Идеальный фаворит: Иван Шувалов

Идеальный фаворит: Иван Шувалов

Тайна юного любовника

В конце 1749 года у сорокалетней императрицы Елизаветы Петровны появился новый фаворит, Иван Иванович Шувалов, двадцати двух лет от роду. Многим казалось, что его «случай» будет недолгим и на смену ему придет новый юноша. Но придворные оракулы просчитались. Недели шли за неделями, складывались в месяцы, годы, а Ванечка все не шел с ума капризной красавицы-императрицы. Присмотревшись к Шувалову, можно было заметить, что он резко отличается от других молодых людей при дворе. На это обратила внимание великая княгиня Екатерина Алексеевна, будущая Екатерина II. Она писала в мемуарах, что «вечно его находила в передней с книгой в руке… этот юноша показался мне умным и с большим желанием учиться… он был очень недурен лицом, очень услужлив, очень вежлив, очень внимателен и казался от природы очень кроткого нрава».

Шувалов родился в 1727 году, получил домашнее образование и был пристроен ко двору своими двоюродными братьями — влиятельными Петром и Александром Шуваловыми. Они рассчитывали, что юноша там оботрется, пообвыкнет и начнет делать карьеру, как все Шуваловы. Но Иван превзошел все ожидания родни — он стал фаворитом императрицы Елизаветы и был им до самой ее смерти. В истории этой долгой связи, продлившейся два десятка лет, есть своя тайна. Конечно, Иван Шувалов был нужен стареющей кокетке Елизавете. Рядом с красивым юношей она чувствовала себя молодой. Новая любовь на фоне блестящих праздников и развлечений помогала отодвинуть неизбежную и печальную осень жизни. Но это только часть правды о причинах необыкновенно долгой привязанности императрицы к Шувалову. Довольно быстро она узнала и оценила поистине золотой характер своего молодого любовника.

Глухота к звуку медных труб

С самого начала Иван, вопреки надеждам корыстолюбивых кузенов, не проявил характерной для них наглости и жадности в хватании богатств, земель, титулов и должностей. А между тем возможности его были огромны — в конце жизни императрицы Иван Иванович был единственным ее докладчиком, готовил тексты указов и объявлял сановникам ее решения. И при этом фаворит никакой выгоды не извлек. В 1757 году вице-канцлер М. И. Воронцов представил государыне (читай — фавориту) проект указа о пожаловании Шувалову титула графа, ордена Андрея Первозванного, сенаторского чина, 10 тысяч крепостных душ. Бесспорно, соблазн был велик. Государыня чувствовала себя неважно, а нестарому Шувалову — еще жить да жить. Самое время упрочить свое состояние на будущие годы. Но Иван Иванович выдержал и это искушение — отказался подать государыне проект этого указа. Поэтому напрасно его порой величают графом — этого титула он никогда не носил. «Могу сказать, — писал он Воронцову, — что рожден без самолюбия безмерного, без желания к богатству, честям и знатности, когда я, милостивый государь, ни в каких случаях к сим вещам моей алчбы не казал в таких летах, где страсти и тщеславие владычествуют людьми, то ныне истинно и более притчины нет.» Позже, уже после смерти Елизаветы, он писал сестре: «Благодарю моего Бога, что дал мне умеренность в младом моем возрасте, не был никогда ослеплен честьми и богатством, так и в совершеннейших годах еще меньше быть могу». Это не была поза, это была жизненная позиция. Он не выпрашивал у государыни, как другие сановники, «деревенишек», «людишек», звезд, чинов и орденских лент.

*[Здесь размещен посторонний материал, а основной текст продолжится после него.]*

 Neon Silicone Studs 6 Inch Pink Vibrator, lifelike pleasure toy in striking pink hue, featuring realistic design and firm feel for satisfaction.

Разумеется, все относительно, и фаворит императрицы не бедствовал. Он жил в царском дворце на полном казенном довольствии, построил и собственный роскошный дворец на Невском проспекте с огромной картинной галереей и библиотекой. И все-таки никто не мог прошипеть ему вослед: «Вор!» Остаться, да еще так долго, у кормушки власти честным, бескорыстным, незапятнанным человеком — подвиг необыкновенный. Рассказывали, что после смерти Елизаветы Петровны Иван Шувалов передал ее преемнику императору Петру III миллион рублей — прощальный подарок государыни. Этот поступок Шувалова вполне соответствует всему, что мы о нем знаем. Известно также, что после смерти Елизаветы и отставки он часто занимал деньги у своей сестры, но совсем не потому, что кутил безмерно или проигрывал миллионы в карты. Просто он был не очень богат для вчерашнего фаворита императрицы.

В бескорыстии и скромности Ивана Ивановича кроется одна из причин его долгого фавора. Всегда подозрительная к малейшим попыткам фаворитов использовать ее любовь к ним в ущерб ее власти, Елизавета безгранично доверяла Шувалову потому, что не сомневалась в его порядочности.

Просвещенный фаворит

Попав в любовники годившейся ему в матери государыни, Шувалов вряд ли смущался этим обстоятельством. Фаворитизм был общепринятым придворным институтом в жизни королевской Европы, считался замечательным средством, чтобы сделать карьеру и разбогатеть. Во Франции он был признан официально, существовала даже особая церемония представления королеве новой фаворитки короля. Молодой, красивый, модно одетый Шувалов был сыном своего века и от своего счастья отказываться не собирался. Естественно, что Елизавете он понравился не столько ученостью, сколько светскими манерами и щегольством. Да и вряд ли иной человек мог бы сделаться фаворитом императрицы, модницы и кокетки. Ведь ей непременно наскучил бы книгочей в перекрученных чулках.

Но все же Шувалов оказался необычным фаворитом, потому что при всех внешних признаках светского щеголя-петиметра он был интеллектуалом, тонким ценителем искусства. Он был глубоко и искренне предан культуре, просвещению. Без него еще долго бы не было Московского университета, Академии художеств, первого публичного театра. Его покровительству многим обязан Ломоносов, а значит, вся русская наука и литература. Шувалов дружил с Михаилом Васильевичем, всячески помогал ему, восхищался его гением. В Ломоносове он видел живое воплощение успехов Петровских реформ, прямой результат благотворного воздействия просвещения на русского человека. Во многом благодаря настояниям Шувалова Ломоносов серьезно занялся историей и поэзией.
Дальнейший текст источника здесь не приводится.